Face Recognition and Head Tracking in Embedded Systems
Personalization and gaze-based user interfaces in vehicles and other devices
New, efficient algorithms make it possible to embed head tracking and face recognition with high frame rates in devices with simple, mobile CPUs. This provides an unintrusive basis for personalization of cars, TV sets, and many other devices. Head-tracking enables the creation of simple and intuitive user interfaces that are sensitive to the user’s gaze point.

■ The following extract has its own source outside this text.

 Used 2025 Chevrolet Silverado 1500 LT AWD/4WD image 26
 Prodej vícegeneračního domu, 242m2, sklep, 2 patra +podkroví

Face-Recognition and head-tracking methods apply a sequence of processing steps of varying complexity to sequences of video frames. The first step localizes faces, the subsequent face feature detection step localizes a number of fiducial positions in the face. Based on these positions, the spatial orientation and direction of gaze can be inferred and a frontal view of the face can be reconstructed. In the face recognition step, a classifier uses reference images to determine the identity of the person on the image.
In the automotive environment, face recognition creates benefit for a variety of use cases. Driver identification can be connected to personalization functionality such as the pre-selection of infotainment settings, and mirror and seat adjustment. Face recognition can serve as an anti-theft measure for delivery and utility vehicles that is robust against possible negligence of drivers.
Today, driver attention assist systems detect sluggishness in the driver’s response to minor deviations from the center of the lane by monitoring lateral vehicle acceleration and steering wheel manipulation. As advanced driver assistance systems let drivers take their hands off the steering wheel while cruising on a highway, attention assistance systems will have to resort to other input. The direction of gaze and the status of the eye lids captured by interior cameras are most directly linked to the driver’s attention.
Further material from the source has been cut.